WORK TO BE COMPLETED: Your response should be every line of the data, written out exactly.

[Saved data entries]

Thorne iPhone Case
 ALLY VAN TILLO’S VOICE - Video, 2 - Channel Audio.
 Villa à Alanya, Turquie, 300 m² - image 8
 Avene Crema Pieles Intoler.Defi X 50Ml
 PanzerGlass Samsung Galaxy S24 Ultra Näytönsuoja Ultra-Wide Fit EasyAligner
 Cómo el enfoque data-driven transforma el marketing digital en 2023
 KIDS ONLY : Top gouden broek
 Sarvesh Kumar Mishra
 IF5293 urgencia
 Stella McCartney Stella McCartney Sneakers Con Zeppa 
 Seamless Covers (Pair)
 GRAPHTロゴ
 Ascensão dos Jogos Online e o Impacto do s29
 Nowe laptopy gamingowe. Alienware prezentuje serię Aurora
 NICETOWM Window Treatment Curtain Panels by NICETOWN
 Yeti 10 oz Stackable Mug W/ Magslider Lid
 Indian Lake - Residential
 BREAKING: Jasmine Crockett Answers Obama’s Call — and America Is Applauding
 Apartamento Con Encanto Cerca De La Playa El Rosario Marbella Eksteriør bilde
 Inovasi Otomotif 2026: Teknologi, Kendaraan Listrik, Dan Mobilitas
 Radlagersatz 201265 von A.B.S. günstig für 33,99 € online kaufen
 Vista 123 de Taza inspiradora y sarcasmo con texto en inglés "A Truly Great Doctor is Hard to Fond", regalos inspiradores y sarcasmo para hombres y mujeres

EXPECTED OUTPUT:
Thorne iPhone Case
 ALLY VAN TILLO’S VOICE - Video, 2 - Channel Audio.
 Villa à Alanya, Turquie, 300 m² - image 8
 Avene Crema Pieles Intoler.Defi X 50Ml
 PanzerGlass Samsung Galaxy S24 Ultra Näytönsuoja Ultra-Wide Fit EasyAligner
 Cómo el enfoque data-driven transforma el marketing digital en 2023
 KIDS ONLY : Top gouden broek
 Sarvesh Kumar Mishra
 IF5293 urgencia
 Stella McCartney Stella McCartney Sneakers Con Zeppa 
 Seamless Covers (Pair)
 GRAPHTロゴ
 Ascensão dos Jogos Online e o Impacto do s29
 Nowe laptopy gamingowe. Alienware prezentuje serię Aurora
 NICETOWM Window Treatment Curtain Panels by NICETOWN
 Yeti 10 oz Stackable Mug W/ Magslider Lid
 Indian Lake - Residential
 BREAKING: Jasmine Crockett Answers Obama’s Call — and America Is Applauding
 Apartamento Con Encanto Cerca De La Playa El Rosario Marbella Eksteriør bilde
 Inovasi Otomotif 2026: Teknologi, Kendaraan Listrik, Dan Mobilitas
 Radlagersatz 201265 von A.B.S. günstig für 33,99 € online kaufen
 Vista 123 de Taza inspiradora y sarcasmo con texto en inglés "A Truly Great Doctor is Hard to Fond", regalos inspiradores y sarcasmo para hombres y mujeres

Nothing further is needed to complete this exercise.